In the US market alone, renewable diesel capacity is forecast by Fastmarkets The Jacobsen to grow from 834 million gallons per year in September of 2021 to 2.6 billion gallons per year by the end of 2022.

Additionally, the number of plants operating is projected to increase from 10 to 21. In September of 2021 five plants had an annual capacity of over 50 million gallons per year, by the end of 2022, 13 plants are projected to have an annual capacity of over 50 million gallons.

More buyers looking for additional feedstocks in combination with tight supplies of soybean oil and relatively steady supplies of low carbon intensity feedstocks, i.e., rendered animal fats, used cooking oil and distiller’s corn oil, has also driven prices to new highs.

Many renewable diesel producers prefer the low carbon intensity feedstocks because it maximizes their credit generation in the LCFS program and those feedstocks are trading at a premium to soybean oil, more so than ever in history.

A rough gross processing margin which takes into consideration LCFS credits, RIN values at 1.5 to account for ethanol equivalent value, and heating oil as a measure of revenue and subtracting feedstock costs, in this example, yellow grease delivered to the US Gulf, the margin averaged 56 percent lower in February compared to October of last year.
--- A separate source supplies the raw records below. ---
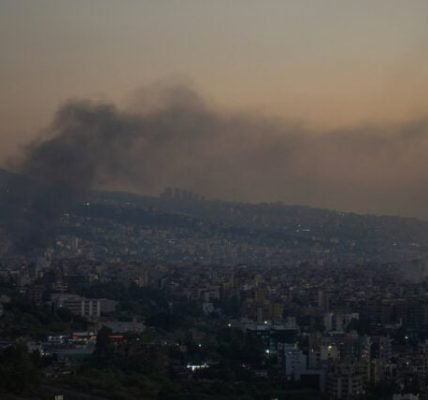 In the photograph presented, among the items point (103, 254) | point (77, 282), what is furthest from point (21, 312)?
A: point (103, 254)

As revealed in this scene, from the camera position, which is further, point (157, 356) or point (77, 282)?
point (77, 282)

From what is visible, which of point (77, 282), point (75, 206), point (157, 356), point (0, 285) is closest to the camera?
point (157, 356)

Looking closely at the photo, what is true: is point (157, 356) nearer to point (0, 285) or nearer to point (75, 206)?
point (0, 285)

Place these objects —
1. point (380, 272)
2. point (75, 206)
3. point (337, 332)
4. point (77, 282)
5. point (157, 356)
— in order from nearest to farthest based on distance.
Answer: point (157, 356) → point (337, 332) → point (77, 282) → point (380, 272) → point (75, 206)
The gross processing margin uses nearby CME ULSD, Fastmarkets The Jacobsen D4 current year RIN prices, Fastmarkets The Jacobsen Gulf yellow grease delivered (forward) and Fastmarkets The Jacobsen LCFS Credit prices for the calculation.

Margins are still positive, but a trend of tighter margins is developing as buyers pay higher prices in order to secure feedstocks. This trend is likely to continue through the year as more plants start-up and buyers are forced to pay higher prices to remain competitive in the market.